Category: Iraq and Afghanistan Veterans of America

  • Supporting the troops, IAVA style!

    Those of us who served overseas during Operation Enduring Freedom and/or Operation Iraqi Freedom come from all across the political and socio-economic spectrum. But, if there is one thing that binds all of us, besides our service in GWOT, it is certainly our ability and desire to plunk down $250 for an evening of cocktails to be enjoyed with noted Veterans advocates from Hollywood.

    IAVA’s West Coast Heroes Celebration
    This spring, please join us in honoring the nation’s newest generation of heroes and celebrating the successes of Iraq and Afghanistan Veterans of America (IAVA). IAVA is holding the first annual West Coast Heroes Celebration on Thursday, April 30th, 2009. The cocktail reception will be held at the offices of Creative Artists Agency (2000 Avenue of the Stars) in Los Angeles, California from 7-9:00PM.

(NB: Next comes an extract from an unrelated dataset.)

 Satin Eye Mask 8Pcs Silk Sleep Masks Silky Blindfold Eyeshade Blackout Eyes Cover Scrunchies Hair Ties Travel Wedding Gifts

    We are excited to have Cameron Diaz, Nick Styne, and Norman Lear co-host this special evening.

    Ticket $250
    Sponsor $5,000
    Patron $10,000
    Benefactor $25,000
    Premiere Sponsor $50,000

    I mean, who among us could ever forget Ms. Diaz’s standing up for the veterans during the 2004 election when she said:

    Women have so much to lose. I mean, we could lose the right to our bodies. We could lo–if you think that rape should be legal, then don’t vote. But if you think that you have a right to your body, and you have a right to say what happens to you and fight off that danger of losing that, then you should vote.

    Well, that really had nothing to do with veterans actually, but I am sure she is spectacular on her caring.

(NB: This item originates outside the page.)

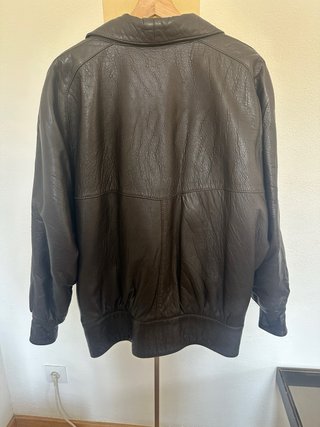 Chaqueta de cuero vintage negra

    Since I didn’t know who Nick Styne was, I looked it up:

    High-powered motion picture talent agent Nick Styne is leaving International Creative Management after more than ten years. He’ll be joining the Creative Artists Agency and is reportedly taking major clients like Cameron Diaz, Luke Wilson, Selma Blair supermodel Heidi Klum with him.

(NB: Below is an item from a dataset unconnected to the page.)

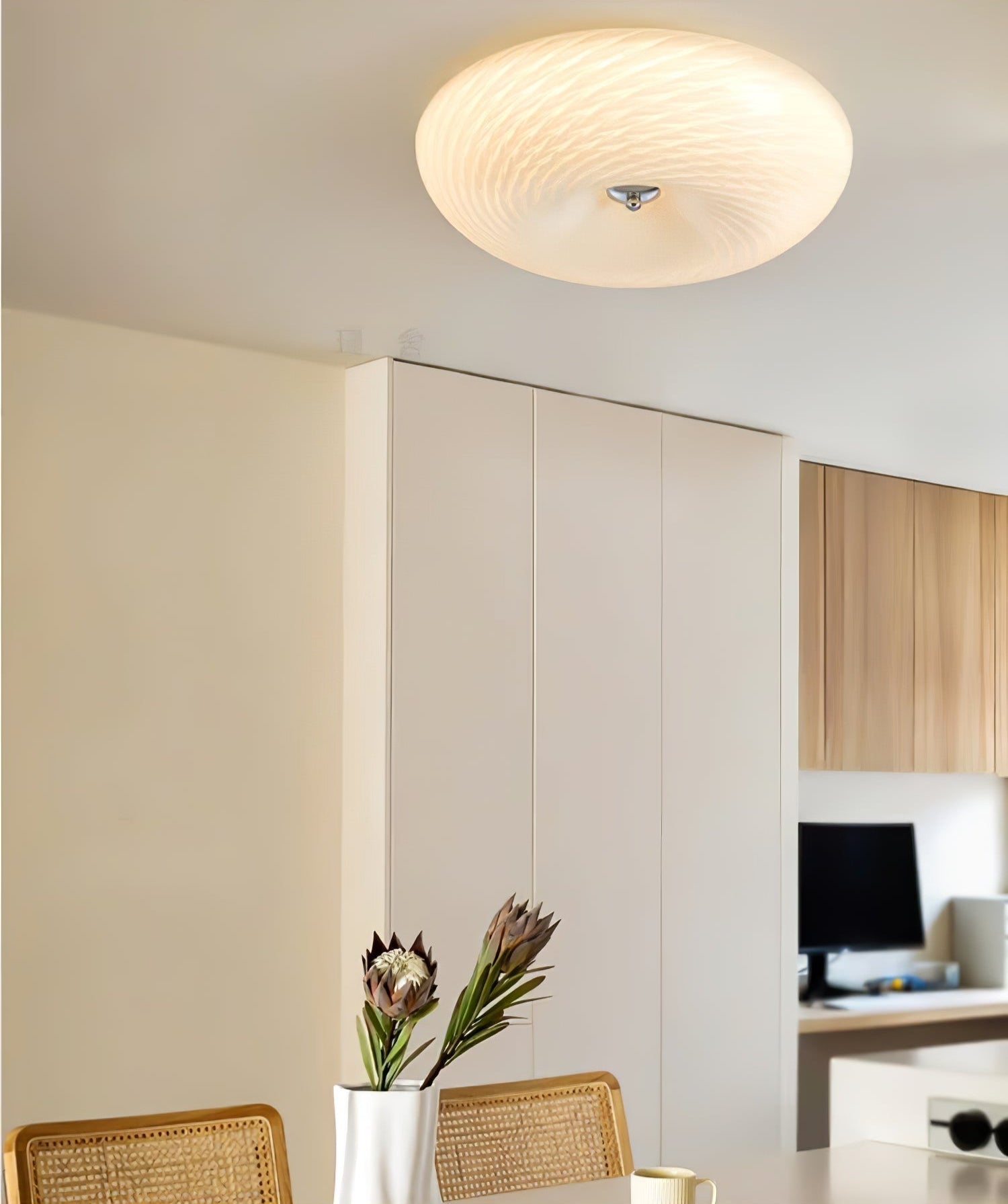 Comarion Modern Minimalist Art Glass Ceiling Light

    Man, I can TOTALLY see why OEF/OIF vets want to hang with him. I know when I came off the airplane on my return my first thought was “Shit! Where am I gonna get a talent agent now?” Because, if there is one thing a wounded vet without a job needs, it is a talent scout. Don’t believe me? Just run up to Walter Reed and ask for a show of hands on how many have their own, and I bet not a one of them does.

    And Norman Lear, man, that dude is Teh Awesome! Just a few weeks ago he was talking about how he supported the troops of this war, as he had ones in the past:

    But like any great film, and Stop-Loss is a great film, it can help the viewer to experience that “feeling,” if only fleetingly. Stop-Loss did that for me. I feel as never before for the men and women fighting it and for their families.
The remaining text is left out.